**Listed entries**.

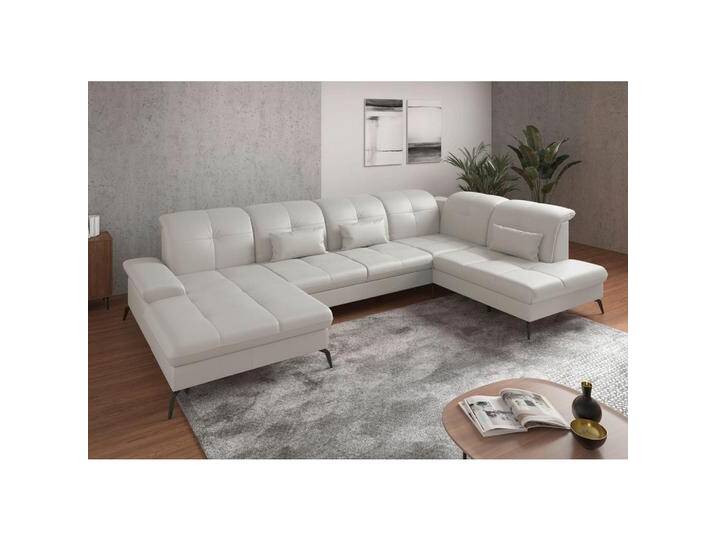 Sit & More WOHNLANDSCHAFT, Weiß, Leder, Kombination Echtleder/Stoff, Nappaleder, 6,5-Sitzer, Ottomane rechts, U-Form, 357x231 cm, Goldenes M, Made in von sit&more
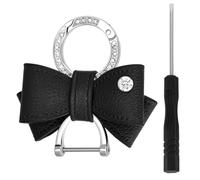 Beebeecraft Portachiavi con Fiocco in Similpelle Nera Ciondolo per Borsa con Fiocco e Anello in Zirconia Cubica per Borsa Chiavi Dell'Auto Ciondolo Decorativo per Donna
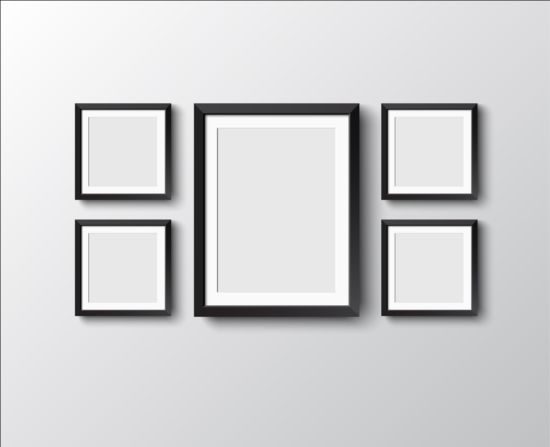 Black photo frame on wall vector graphic 04  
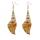 Womens Golden Accent Ocean Seashell Conch Mermaid Sea Witch Drop Dangle Earrings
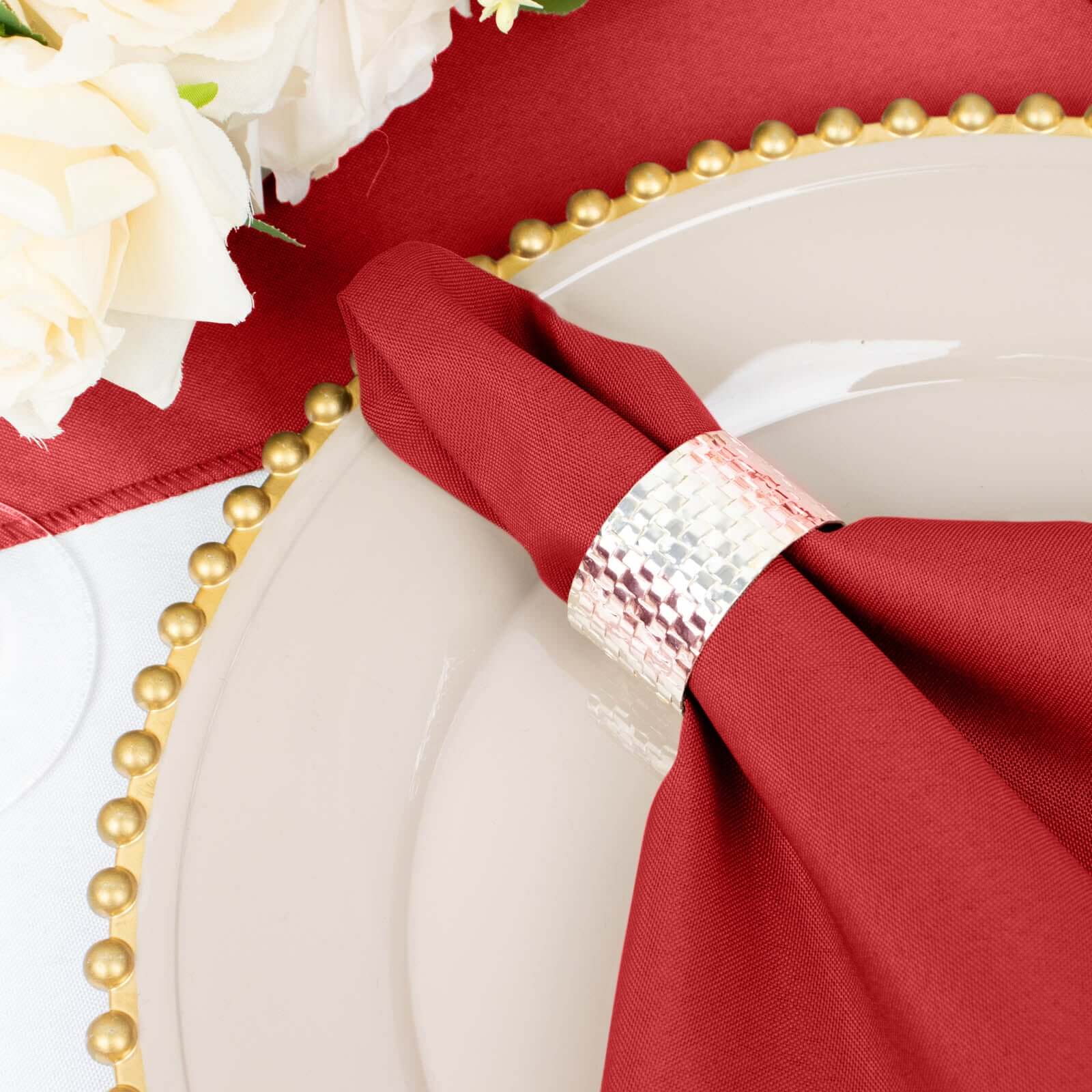 5 Pack Premium Polyester Napkins 20"x20" Red - Durable & Wrinkle Resistant Dinner Napkins - Image 6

**What is expected**. Everything in the entries must come back exactly, except the pictures.

**Solved problem**.
 Sit & More WOHNLANDSCHAFT, Weiß, Leder, Kombination Echtleder/Stoff, Nappaleder, 6,5-Sitzer, Ottomane rechts, U-Form, 357x231 cm, Goldenes M, Made in von sit&more
 Beebeecraft Portachiavi con Fiocco in Similpelle Nera Ciondolo per Borsa con Fiocco e Anello in Zirconia Cubica per Borsa Chiavi Dell'Auto Ciondolo Decorativo per Donna
 Black photo frame on wall vector graphic 04  
 Womens Golden Accent Ocean Seashell Conch Mermaid Sea Witch Drop Dangle Earrings
 5 Pack Premium Polyester Napkins 20"x20" Red - Durable & Wrinkle Resistant Dinner Napkins - Image 6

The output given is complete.